PSA: This case study is a couple of years old. I wasn't able to keep the project online due to its reliance on screenscraping National Rail, which changed their markup too frequently for this to be viable and maintainable post-university. I'm still proud of it, and you can check out the source on GitHub.
My final year university project allowed me to research and develop practically anything as long as it was related to technology.
Having friends scattered all across the UK as well as family and friends all over Scandinavia—I travel a lot. As a result, I’ve spent an unholy amount of time researching the cheapest train journeys in existence that aren’t an utter pain in the arse. This is vastly more difficult in the UK than anywhere else, thanks to the wonders of a privatised railway system with more than 20 different train operating companies.

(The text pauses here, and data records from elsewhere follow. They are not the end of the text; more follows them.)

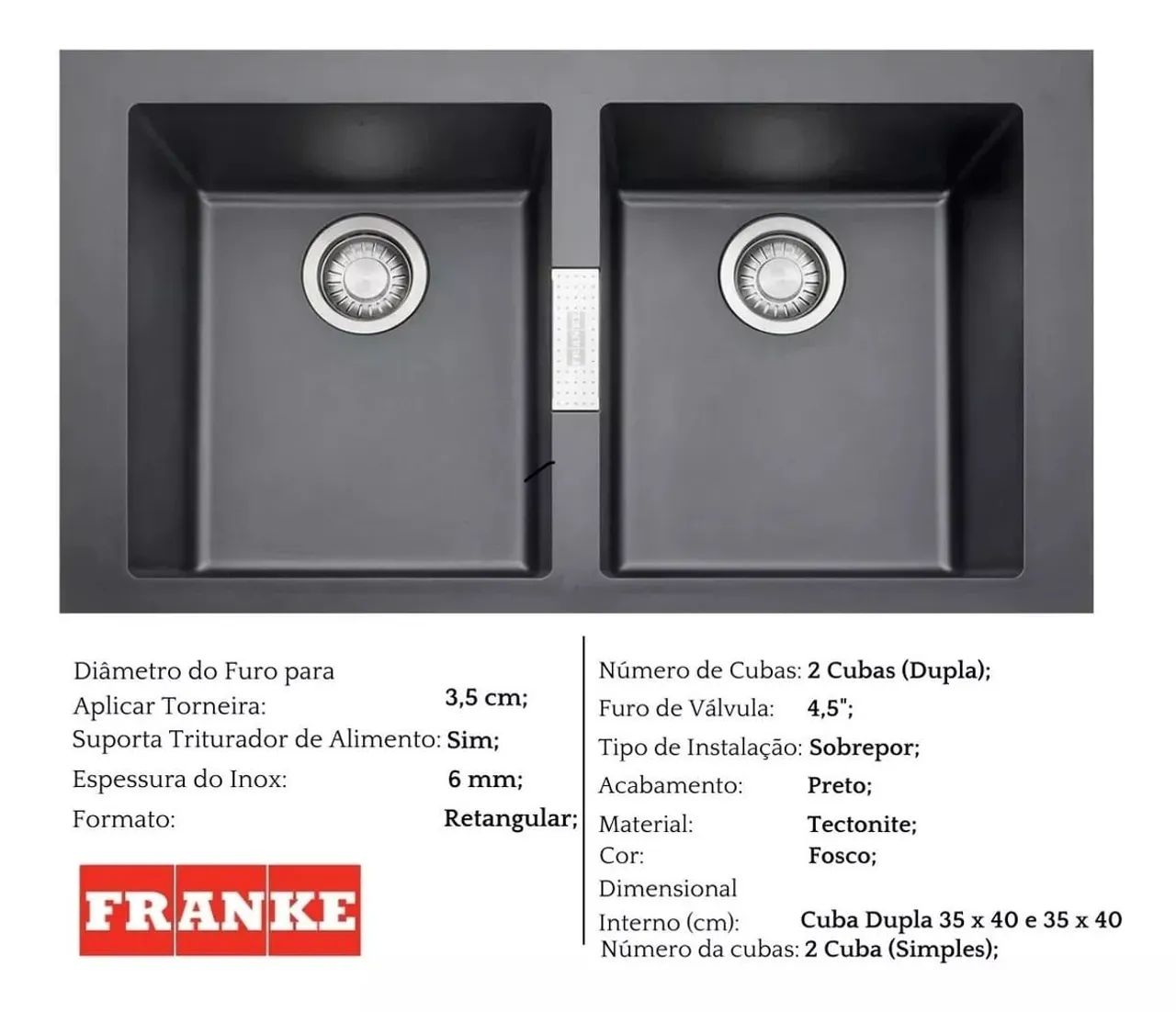 CUBA SIRIUS DUPLA SID 620 CARBON BLACK - TECTONITE - Foto 5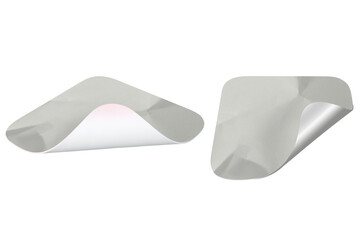 Blank Crumbled Paper Sticker Texture Set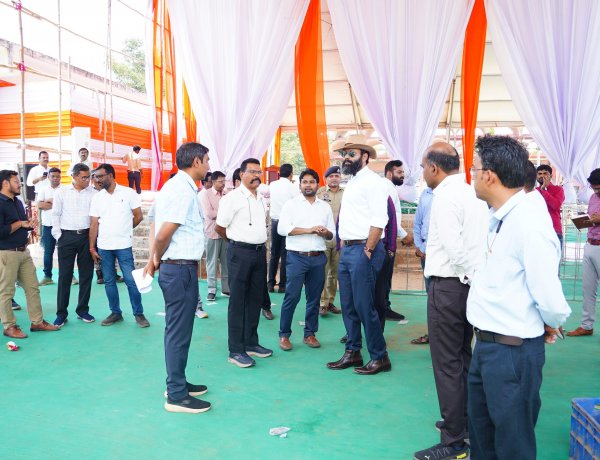 कल मुख्यमंत्री विष्णुदेव साय का जशपुर आगमन होगा,,विभिन्न विकास कार्यों का करेंगे लोकार्पण एवं भूमिपूजन,,, कलेक्टर एवं श्री व्यास एवं एसएसपी श्री सिंह ने तैयारियों का लिए जायजा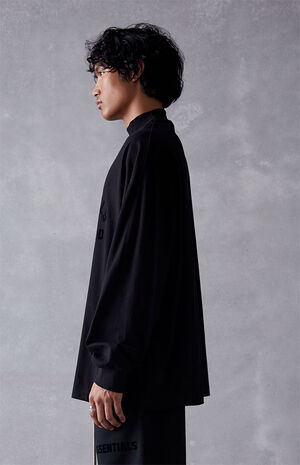 Jet Black Long Sleeve T-Shirt image number 3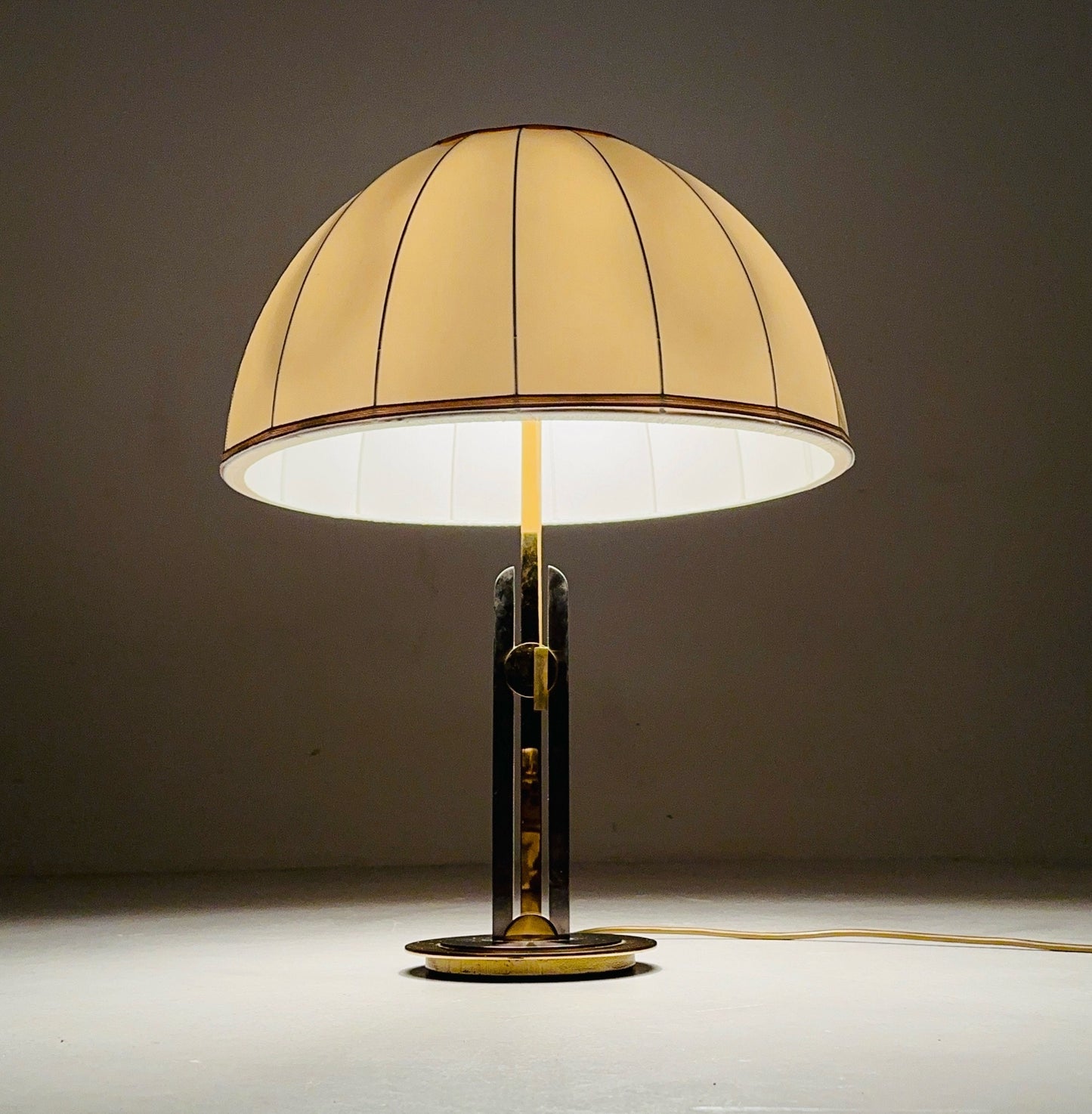 Hollywood Regency brass table lamp 1960s , Germany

The journeys are often long distance, and comprise multiple travel options. Do I go from Bristol to Brighton via Paddington and Victoria and get there the fastest, do I change at Reading and Gatwick to avoid London, or do I get the slower direct train without having to change?
Being partially inspired by what Hipmunk has done for flights, I wanted to improve the train journey planning experience in the UK. This project was twofold: Researching British train users’ travelling preferences in order to create a meaningful journey ranking algorithm, and implementing this.

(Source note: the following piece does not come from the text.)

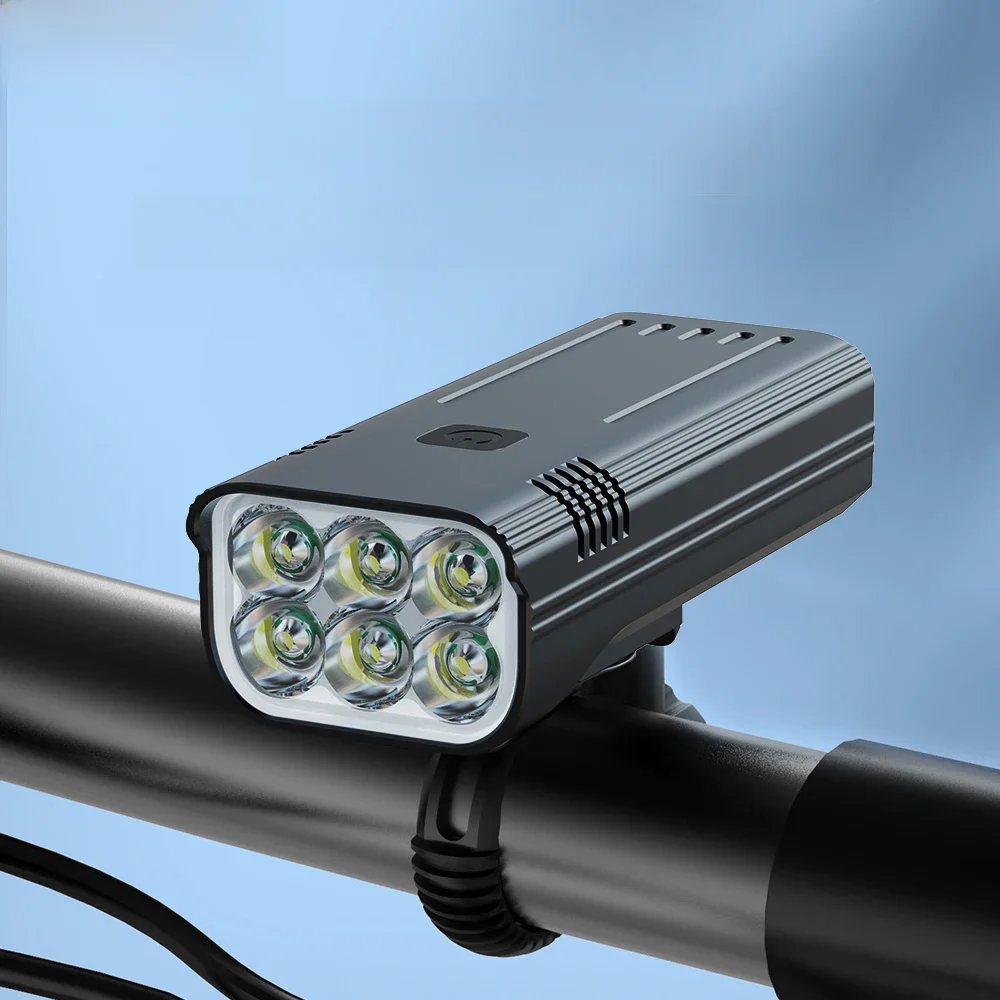 AliExpress NATFIRE 6LED 10000 mAh Bike Light Rainproof USB Rechargeable LED Bicycle Light Super Bright Flashlight for Cycling Front Light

In a way, the algorithm was the easier part. I spoke to train users candidly, conducted informal and semi-formal interviews, and distributed a survey to gather additional data. Based upon this, the following key data points were statistically significant enough to include in a ranking algorithm:
1) Price 2) Journey time 3) Number of changes 4) The availability of a first class ticket that is less than or equal to 125% of the equivalent second class journey price 5) Train operating company reliability 6) Train operating company customer satisfaction 7) The ability to avoid going through London
In order to meet the assignment deadline and to ensure focus, the only factors presently included in the algorithm are price, journey time, and number of changes.

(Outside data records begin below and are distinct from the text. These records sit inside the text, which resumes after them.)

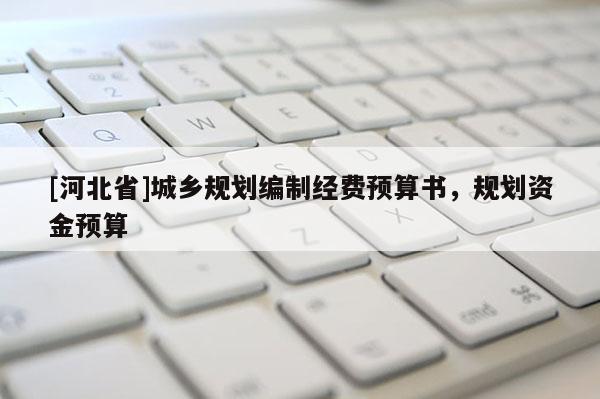 [河北省]城乡规划编制经费预算书，规划资金预算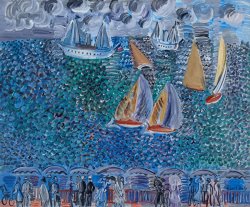Raoul Dufy La Promenade Au Bord De La Mer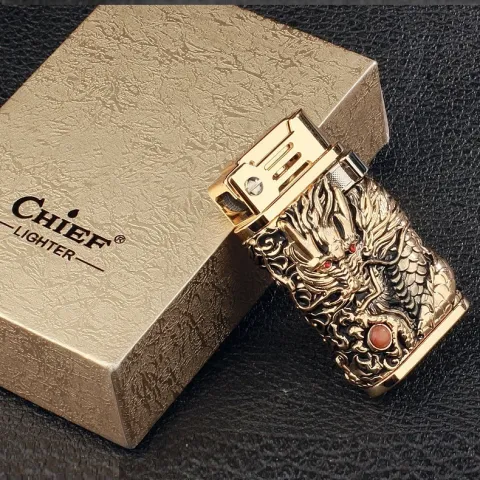 Chief CF218-30Y бензиновая зажигалка Chief CF218-30Y бензиновая зажигалка
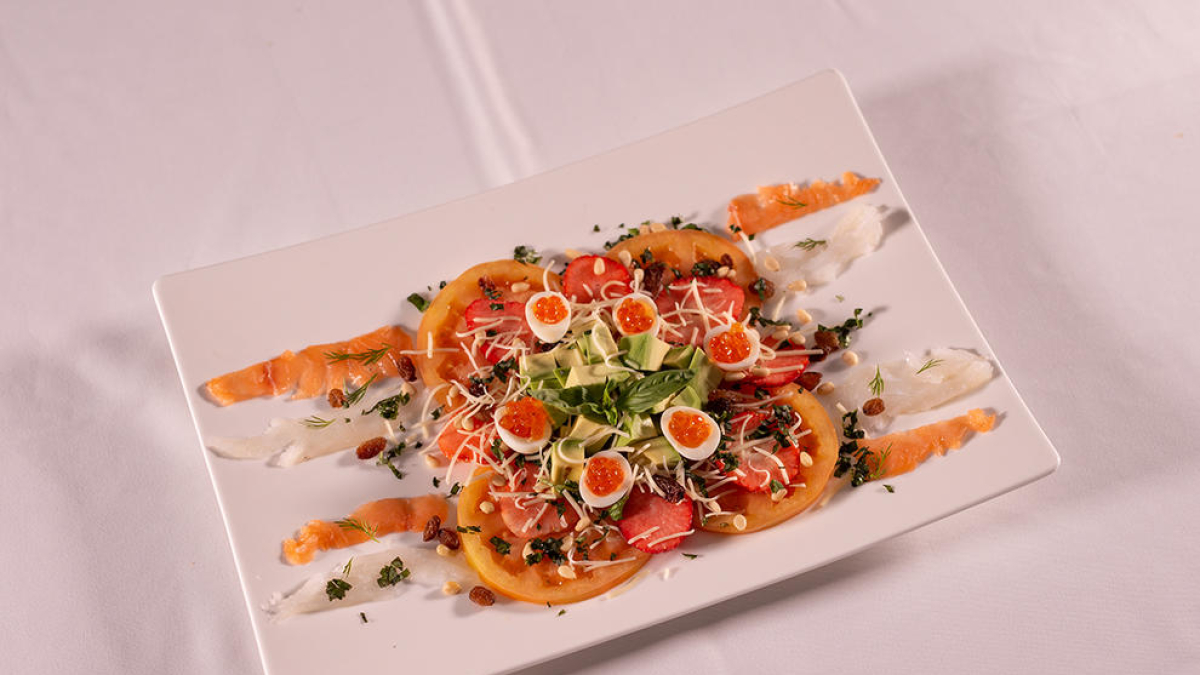 Una ensalada de caviar.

A sample of the results returned when searching for a long-distance journey. Naturally, price mostly takes precedence here, but the amount of changes also factor in quite heavily in places.
Another challenging aspect of this project was finding a suitable data source to use. Unfortunately, I couldn’t find a free and open data source for journey planning—all APIs were at the time proprietary. It seems like National Rail is planning to make Darwin free, a bit too late.
Ultimately, I think this idea still has a good potential, though presently slightly let down by the long scraping times as well as the inherent unreliability and fragility that comes with scraping. I plan to switch Project Brunel over to National Rail’s Darwin when this becomes publicly available.